[Start of section]

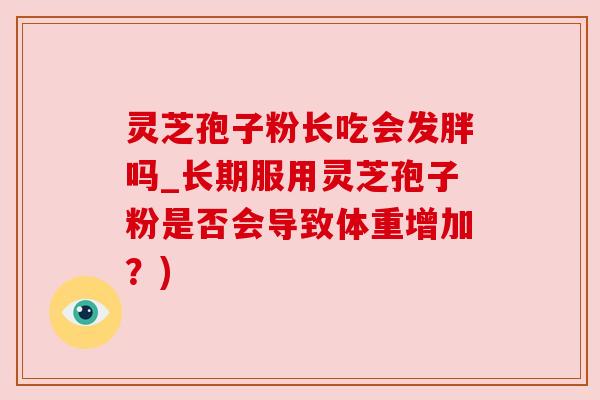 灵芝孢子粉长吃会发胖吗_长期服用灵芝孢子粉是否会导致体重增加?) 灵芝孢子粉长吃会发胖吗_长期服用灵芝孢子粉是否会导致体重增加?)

[End of section]
[Start of section]

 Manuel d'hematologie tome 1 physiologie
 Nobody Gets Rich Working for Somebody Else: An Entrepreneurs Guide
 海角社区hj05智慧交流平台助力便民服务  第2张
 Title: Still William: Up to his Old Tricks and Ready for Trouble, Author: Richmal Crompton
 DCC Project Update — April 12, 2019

[End of section]

**Action item**
Would you quote everything above from the line containing "Manuel d'hematologie tome 1 physiologie" down to the line containing "Title: Still William: Up"? Include both of those lines and nothing else.

**Answer to the exercise**
 Manuel d'hematologie tome 1 physiologie
 Nobody Gets Rich Working for Somebody Else: An Entrepreneurs Guide
 海角社区hj05智慧交流平台助力便民服务  第2张
 Title: Still William: Up to his Old Tricks and Ready for Trouble, Author: Richmal Crompton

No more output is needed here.